Sonogram and/or computed tomography (CT) can also be controlled to diagnose pleural effusions.
Complications of pleural effusion
Complications of pleural effusions include the collapse of the lungs; Pneumothorax, or air in the thoracic cavity, which is a frequent side-effect of the thoracocentesis; And empyema (abscesses) caused by an infection of the pleural fluid, which requires a fluid drainage.
Pleural effusion may place patients with asbestosis or mesothelioma at a greater risk as other patients – if this causes difficulty in breathing. This is because patients with these disorders often suffer from pleural scars, making it difficult to breathe. Pleural effusion can exacerbate this problem and ultimately properly breathing inability can significantly contribute to the downward spiral of the patient.
Treatment of pleural effusion
In some cases, no treatment is required for pleural effusion. However, when doctors combine the discomfort of accumulation of fluid or pain in a patient – or other more serious side effects – they often take steps to address the causes and / or effects of stroke. As mentioned above, a patient suffering from asbestosis or mesothelioma may have a condition that makes breathing difficult. To deal with this, the doctors do everything to resolve the causes.
In patients with breathing problems associated with pleural effusion, this may include:
Thoracentesis. The further removal of pleural fluid can relieve the pressure on the chest which makes breathing easier.

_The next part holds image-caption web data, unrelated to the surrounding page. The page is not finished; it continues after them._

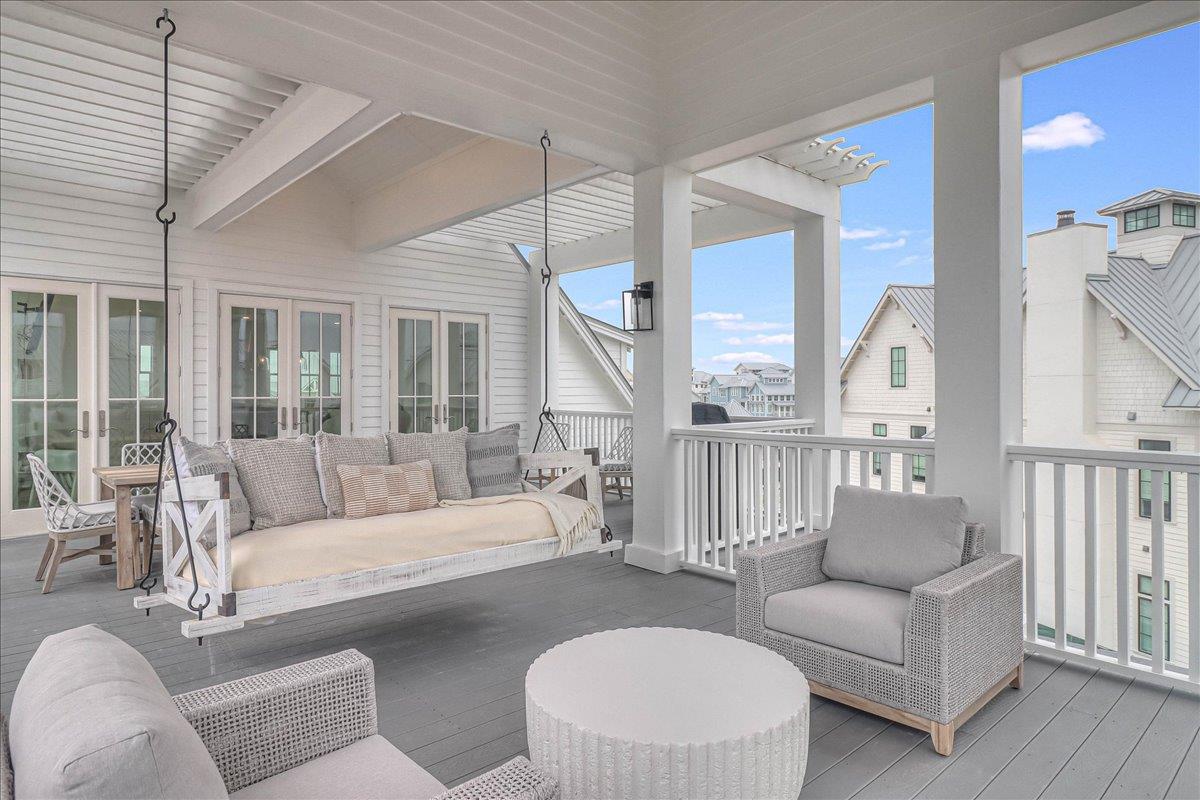 Exterior Gathering Space, 3rd Floor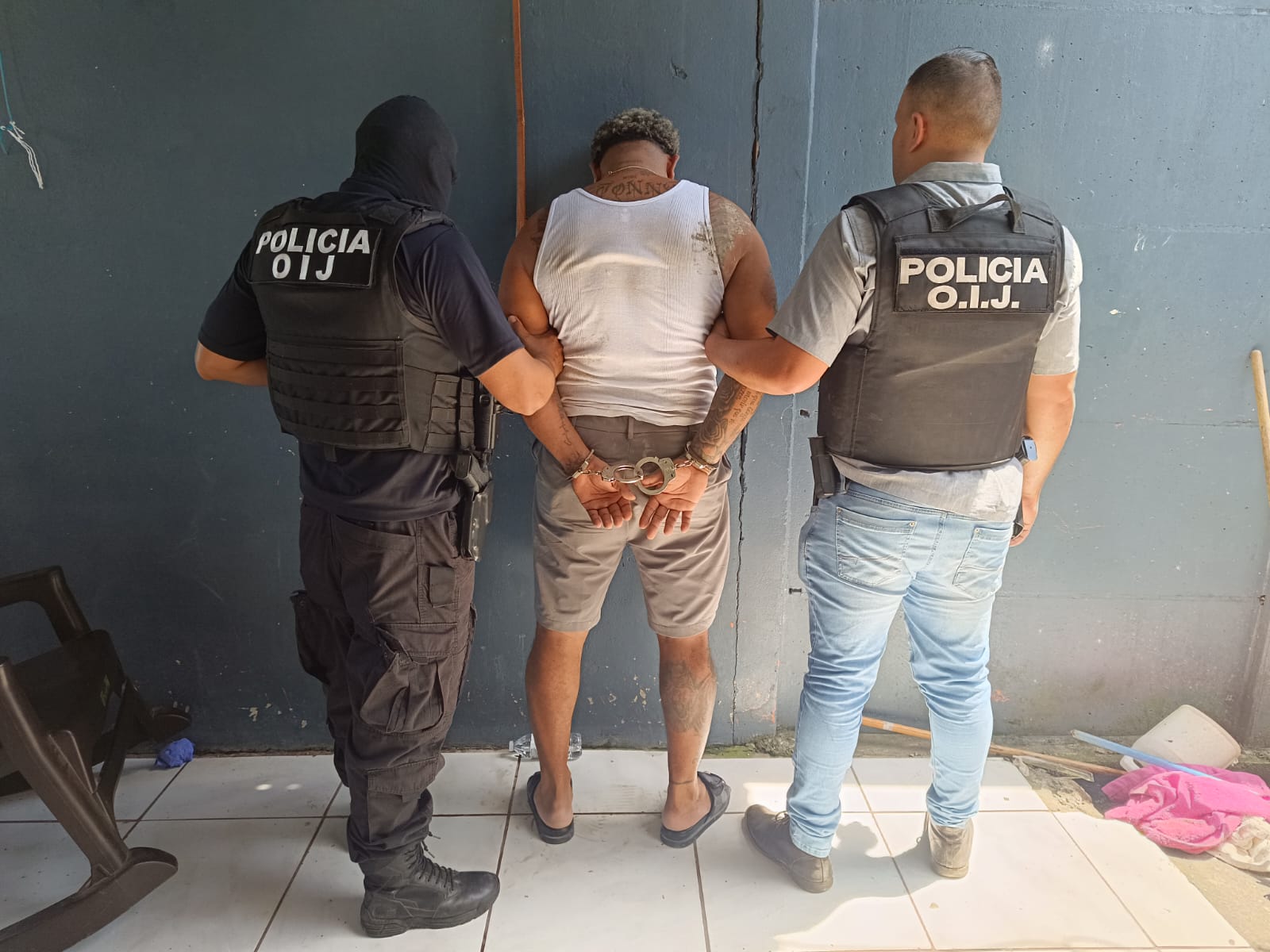 Peligroso líder de banda de sicarios fue detenido este viernes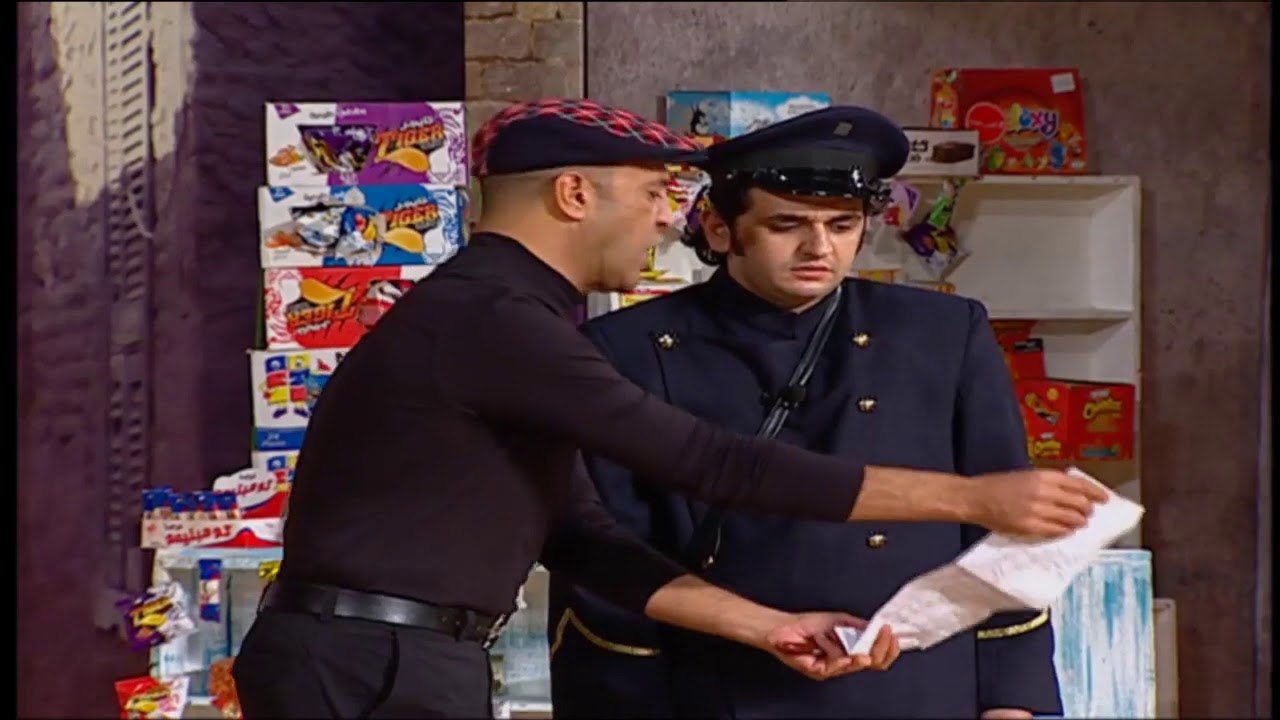 تعيلم الصياعة علي طريقة أشرف عبد الباقي و مصطفي خاطر ...#تياترو_مصر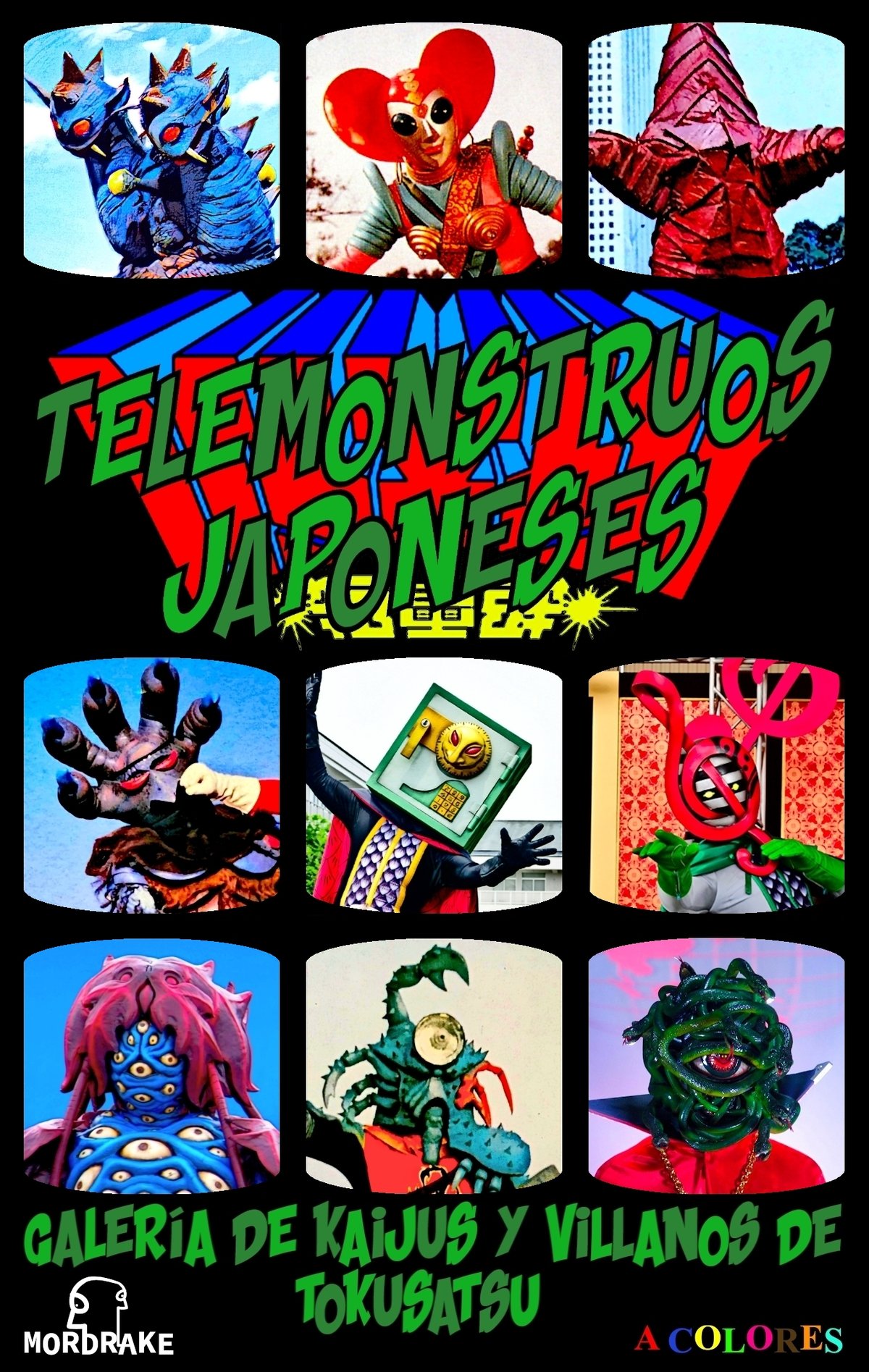 TELEMONSTRUOS JAPONESES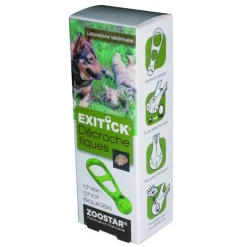 STABLE PRO Décroche tiques cheval Exitick - Zoostar< Soins Et Toilettage Chien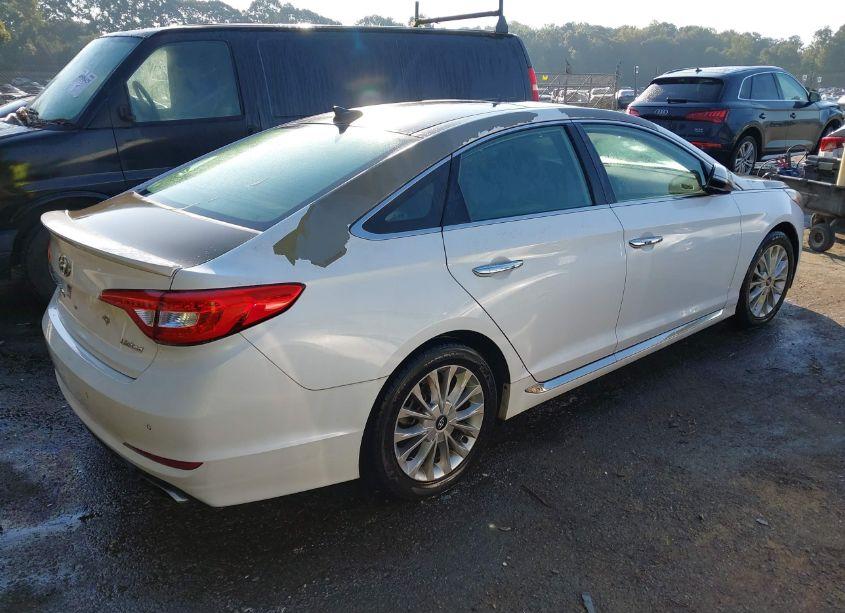 Photo 4 of 2015 Hyundai Sonata SPORT/LIMITED (VIN 5NPE34AF1FH068309)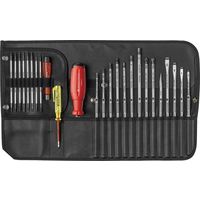 PB SWISS TOOLS ピービースイスツールズ 差替式精密ドライバーセット 31本組 ロールケース付 38515 1セット（直送品）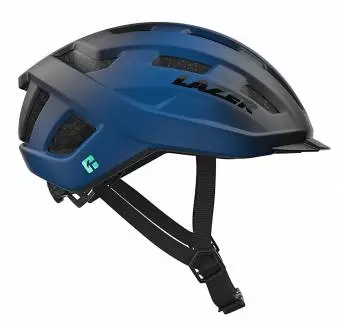 Wariant kolorystyczny produktu Kask rowerowy Lazer Codax KinetiCore sport Matte Blue Uni + net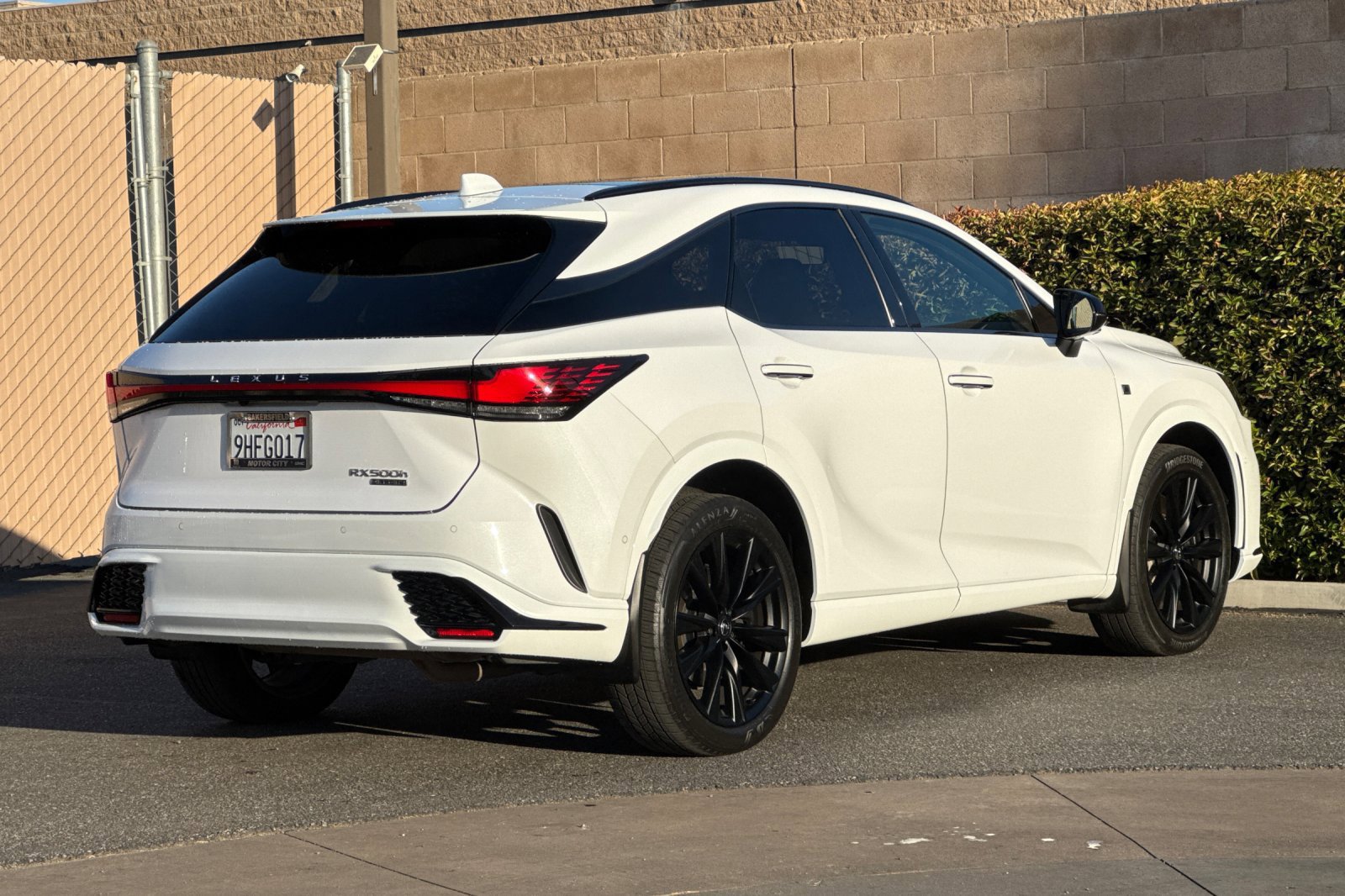 Used 2023 Lexus RX 500h F Sport w/ Cold Area Package AWD/4WD image 4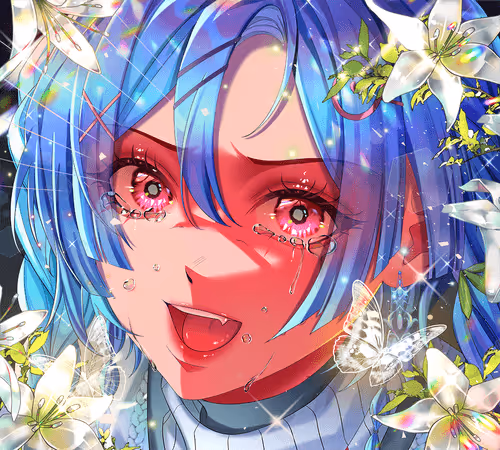 Crying Girls Official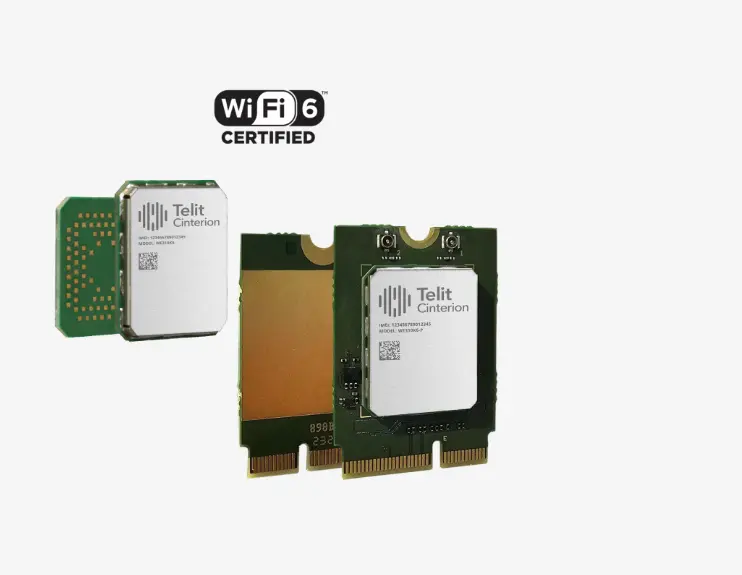 Telit Cinterion WE310K6-P Wi-Fi & Bluetooth® Module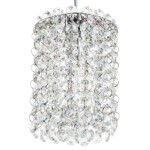 в наличии 795314 Подвес CRISTALLO 1х40W G9 ХРОМ - купить в интернет-магазине Светильники Торг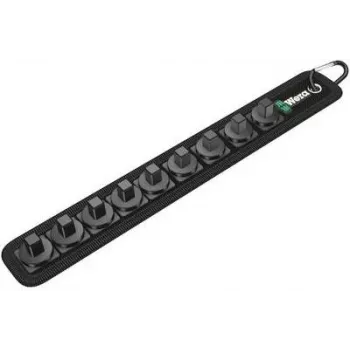 Wera uzgriežņu atslēgu turētājs B - 3/8 inch - 9 ligzdas - 45 cm - 120 mm - 84 g (05003981001)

Chemical pleurodesis. This method involves introducing agents such as talc or bleomycin to completely eliminate the pleural space so that the fluid can no longer accumulate.
Pleural decortication. Also known as pleurectomy, this operation removes the pleura; As the chemical pleurodesis, pleural decortication removes the pleural space, preventing the pleural fluid from accumulating.
For more information on mesothelioma symptoms and other asbestos related issues, asbestos and malignant mesothelioma, see more articles on our site. If you or a family member were diagnosed with a disease related to asbestos, contact a mesothelioma attorney as soon as possible.